Jennifer Garner played the cool mom, treating her eldest child, Violet, and some friends to coffee in Los Angeles on Sunday morning.
The mother and daughter duo seemed to have put any differences behind them following an essay Violet, 19, wrote about the Pacific Palisades fires and climate change while at Yale last semester.
Garner, 53, seemed to fit in right in with her young guests, wearing a white and gold striped golf shirt with a pair of high waist white pants.
The Family Switch star kept her footwear casual, opting for a pair of brown leather sandals.
Garner’s long chestnut locks were styled straight and she wore natural looking makeup with a neutral red lip.
The Elektra star wore dark square framed sunglasses and carried a cup of coffee and a green notebook.

Jennifer Garner, 52, looked casually chic on Sunday in Los Angeles, wearing a white and gold striped golf shirt with a pair of high waist white pants
Violet, who is a near carbon-copy of her mother, looked relaxed wearing a white cotton T-shirt with a pair of ankle length straight leg jeans with square pockets on the front.
The university student stepped out in black and white sneakers.
Her long, dark blonde hair was styled straight and she appeared to be wearing minimal makeup beneath her square framed glasses.
The teen carried a white furry purse with a brown strap and was seen carrying a white medical mask as well.
In July 2024, Violet advocated for the wearing of masks before the Los Angeles County Board of Supervisors after she ‘contracted a post-viral condition in 2019.’
‘I’m okay now, but I saw firsthand that medicine does not always have answers to the consequences of even minor viruses,’ she told the lawmakers.
‘The COVID-19 pandemic has thrown that into sharp relief.

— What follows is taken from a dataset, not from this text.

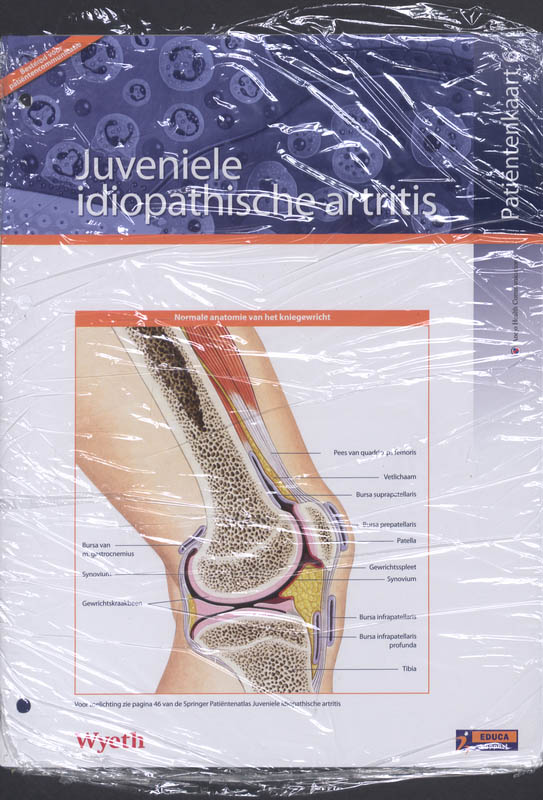 Omslag van Springer Patiëntenatlas Juveniele Idiopathische Artritis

One in 10 infections lead to long Covid, which is a devastating neurological cardiovascular illness that can take away people’s ability to work, move, see, and even think.’
She also pointed out that those hardest hit by the virus were ‘communities of color, disabled people, elderly people, trans people, anyone in a public-facing essential job.’

The Family Switch star was treating her daughter Violet, 19, and some friends to coffee

Violet, 19, who is a near carbon-copy of her mother, looked relaxed wearing a white cotton T-shirt with a pair of ankle length straight leg jeans with square pockets on the front
The teen continued her public advocacy when an essay she turned into her university’s Global Health Review which was titled A Chronically Ill Earth: COVID Organizing as a Model Climate Response in Los Angeles.
She began the paper with the attention catching, ‘I spent the January fires in Los Angeles arguing with my mother in a hotel room. She was shell-shocked, astonished at the scale of destruction in the neighborhood where she raised myself and my siblings.’
The essay continued to compare climate change to the global Covid-19 pandemic, arguing that ‘our bewildered response to crises like the LA fires tell us we may still be accustomed to addressing the climate crisis like the COVID-19 pandemic: as a question of how fast we can get back around to pretending like the problem is gone.’
Neither Garner, nor Violet’s dad Ben Affleck, 52, has commented on the paper.

Violet got a lot of attention in May after an essay about climate change and Garner’s understanding of the deadly LA fires she wrote at Yale was published; Pictured in Washington, DC in December 2022

The teen has also advocated for continuing to wear medical masks in public after she ‘contracted a post-viral condition in 2019’; Pictured in Los Angeles in May 2024
Last year during an interview with People, Garner got candid about raising her three kids and shared that she found it ‘hard’ to let them make their own decisions as they get older.
‘I’m just watching them in this new phase of life where they’re figuring out who they’re going to be and what they’re going to study,’ she explained.
‘And I’m so interested in them. All the time, I’m interested in everything about them.’
The actress later admitted to the outlet, ‘I have a really hard time not saying, “This is what I see you as,” and “I think you should.” I really have to sit on my hand.’